Non-traumatic amputations ?those caused by arterial blockages related to diabetes, smoking, obesity and vascular system complications ?are occurring at an alarming rate. Yet physicians may be too quick to amputate as 85 percent of them may be preventable, according to the International Diabetes Foundation.

Amputations are not only disfiguring and life-threatening, but are more dangerous and more expensive than revascularization, which is the reestablishment of blood supply. Diabetics are especially at risk for non-traumatic amputations, accounting for 82,000 non-traumatic lower extremity amputations (LEAs) in the U.S. yearly, according to the American Diabetes Association. The Centers for Disease Control (CDC) reports more than 60 percent of LEAs occur in diabetics.

These statistics are telling, and have one of the country's leading clinical investigators and cardiologists astounded. "It is shocking that in this day and age, there is an epidemic of unnecessary amputations. Amputation is a drastic procedure that takes a great physical and emotional toll on patients and their families. But physicians often jump too quickly to amputation rather than exploring medical advances that can prevent limb loss," said Dr. Craig Walker, of the Cardiovascular Institute of the South, in Houma, La.

Walker is a pioneer in a medical procedure to combat these trends: Cool Laser Revascularization for Peripheral Artery Therapy, or "CLiRpath."

"In the U.S. alone, there are approximately 1.8 million people living with limb loss," Walker said, citing National Limb Loss Amputation Center statistics. "A good portion of these individuals could have salvaged their limbs. This is tragic." Of note:

--The number of diabetes-related LEA hospital discharges increased by 240 percent between 1980 (33,000) to 2002 (82,000), according to the CDC.--The CDC says the five-year survival rate for all lower extremity amputees is less than 50 percent. For diabetic ampute es, the rate is less than 40 percent.--In a five-year study in medical journal Diabetes Care, 40 percent of diabetics and 29.8 percent of non-diabetics had a second amputation to the same or opposite limb at an average of 16.2 and 12.3 months, respectively, after the first amputation.

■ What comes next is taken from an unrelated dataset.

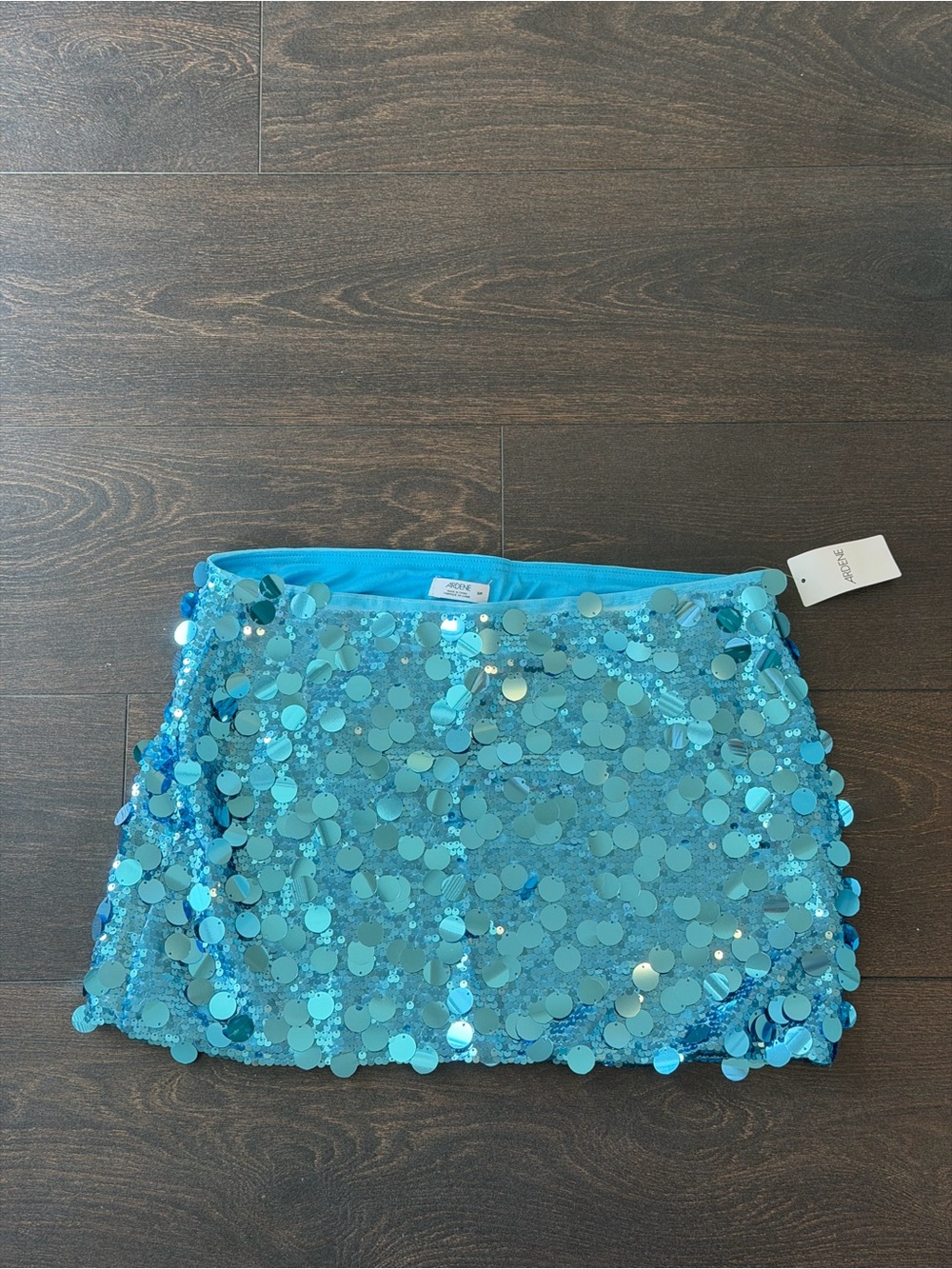 Ardene Aqua Blue Sequin Mini Skirt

In advanced stages of peripheral vascular disease (PVD), common in diabetics, plaque blocks arteries, resulting in rest pain, development of foot ulcers and onset of limb loss. The CLiRpath procedure, using a "cool" excimer laser and catheter system developed by Spectranetics Corp. (NASDAQ: SPNC), vaporizes arterial blockages, restores blood flow, and this surgery promotes wound healing, often enabling patients to leave the hospital the next day. CLiRpath has been the subject of rigorous clinical trials, with limb salvage observed in 95 percent of patients surviving to six months(1). The procedure is now available in more than 300 hospitals across the U.S.

Amputation decisions greatly impact lives of many people, like Michael Sevante, of Houma, La. In 2002, Sevante had recurring leg cramps and was diagnosed with PVD. He developed a non-healing infection and underwent an amputation below his left knee. As a result, Sevante had to walk his daughter down the aisle on her wedding day with a walker and a prosthetic limb.

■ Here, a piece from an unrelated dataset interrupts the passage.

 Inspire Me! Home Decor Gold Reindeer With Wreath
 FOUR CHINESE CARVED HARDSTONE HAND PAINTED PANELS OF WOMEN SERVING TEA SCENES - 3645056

Six months after his first amputation, he experienced similar symptoms in his right leg and decided to aggressively pursue amputation alternatives to avoid having to live in a wheelchair. He was referred to Dr. Walker, who was able to save Sevante's leg with CLiRpath. Today, Sevante is virtually pain free.

"After my first amputation, I would have done anything to avoid a second," said Sevante. "Had I not asked for an alternative, I fear I was on track for the loss of another limb. This would have meant the beginning of the end for me."